A wave of extrajudicial killings by police and the vigilantes they work with may amount to crimes against humanity, Amnesty said. More than 7,000 people have been killed since President Rodrigo Duterte, nicknamed “the punisher”, unleashed a bloody crackdown seven months ago.
Amnesty investigated 33 incidents of drug-related killings in 20 cities and towns across the country in which 59 people were killed.
“The vast majority of these killings appear to have been extrajudicial executions – that is, unlawful and deliberate killings carried out by government order or with its complicity or acquiescence,” the report said.
It accused police of planting evidence and fabricating official incident reports to suggest they acted in self-defence.
When killings were carried out during formal law enforcement operations, police incident reports appeared to be “startlingly similar”, alleging the suspect tried to pull a gun, Amnesty said. In several cases, police said the suspect’s gun malfunctioned when trying to shoot at officers.
But Amnesty cited what it said was direct witness testimony suggesting “police officers routinely bust down doors in the middle of the night and then kill in cold blood unarmed people suspected of using or selling drugs”. Witnesses described alleged drug offenders yelling that they would surrender, sometimes on their knees.

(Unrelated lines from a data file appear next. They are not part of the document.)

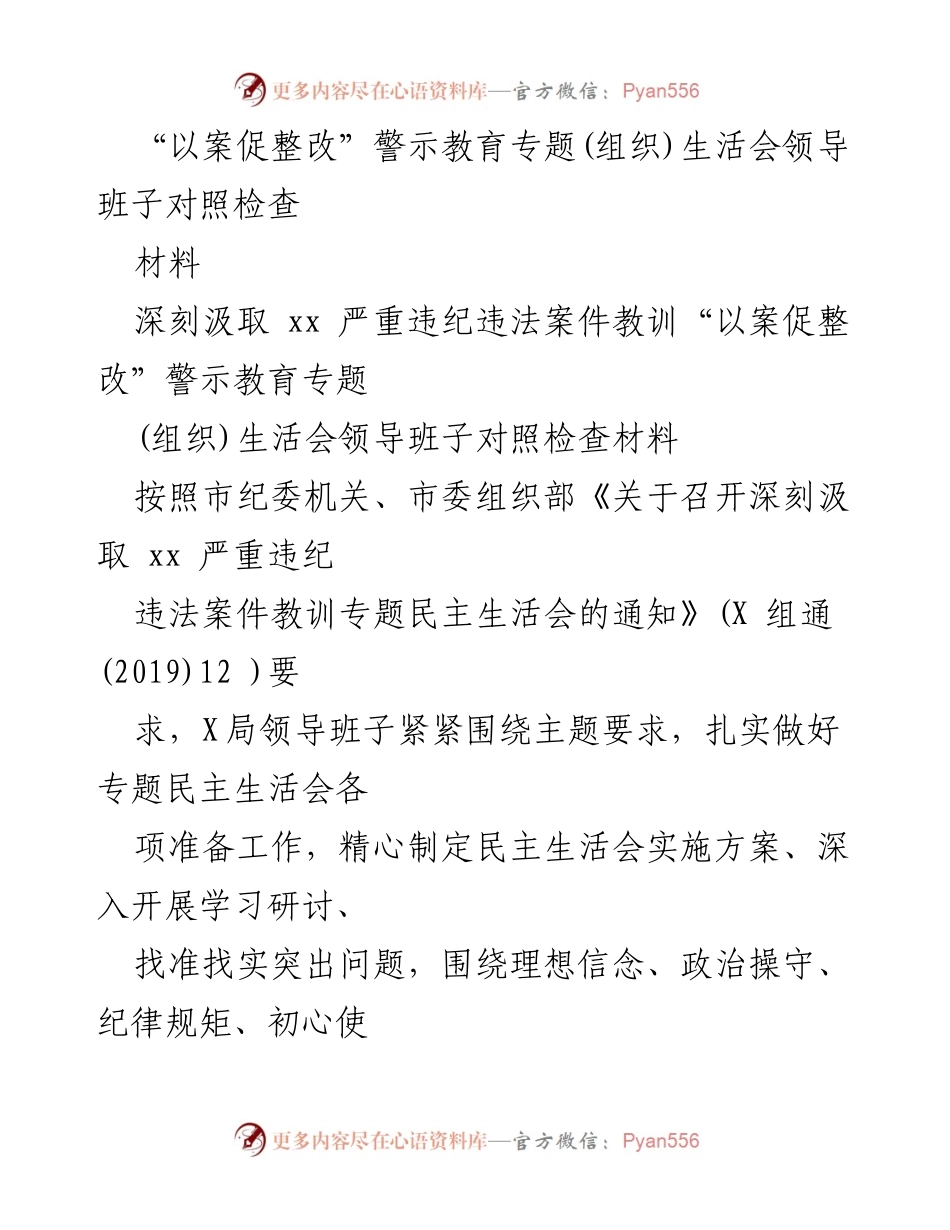 [工作总结] 组织生活会 - 深刻汲取教训，强化整改措施的对照检查报告.docx_第1页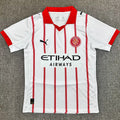 Maillot Girona Domicile 2025/26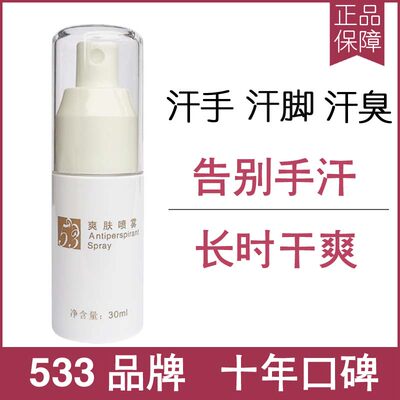 手汗症防手心手脚出汗止汗膏神器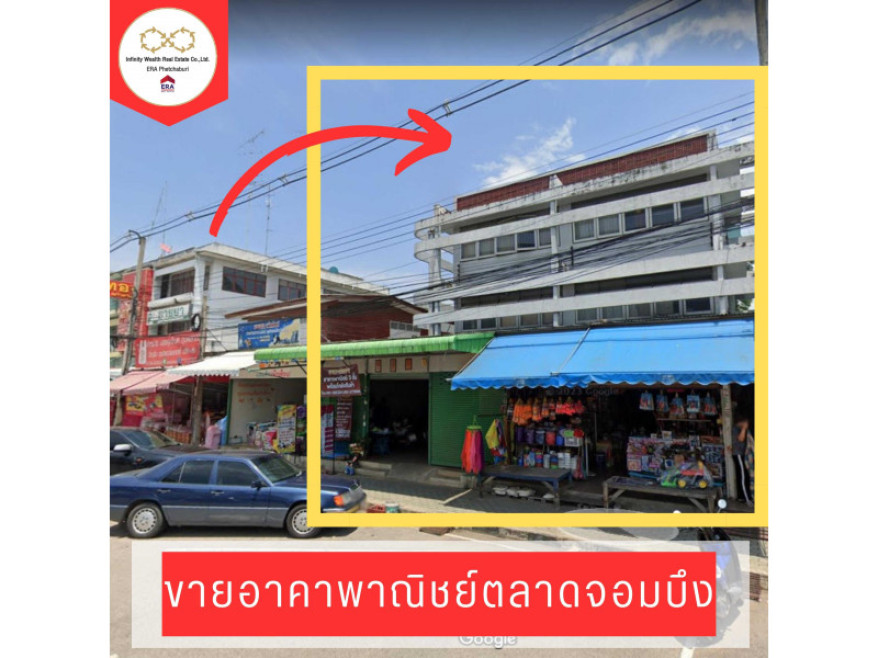 Commercial building Ratchaburi Chom Bueng Chom Bueng 12000000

Since Duterte came to office seven months ago, thousands of suspected low-level pedlars but also alleged drug users have been gunned down in his war on drugs.
The Guardian has been unable to corroborate all the allegations in the report, released on Wednesday, and Duterte has repeatedly denied wrongdoing.
However, the report adds to a growing body of evidence collected by rights groups and journalists illustrating how the police have used extrajudicial killings and worked with armed gangs.
The Guardian last year cited a senior police officer who claimed he led one of 10 special operations teams tasked with killing suspected drug users and dealers while making their deaths appear to have been caused by vigilantes. The report was later denied by the chief of police.
The Amnesty report goes further, suggesting the war on drugs has created an “informal economy of death” in which police profit from the bloodshed.
In one case in Cebu City, a witness told Amnesty that a drug user called Gener Rondina had his home surrounded by a large contingent of police officers. “The police kept pounding [and] when they go in he was shouting, ‘I will surrender, I will surrender, sir’,” an unnamed witness told Amnesty.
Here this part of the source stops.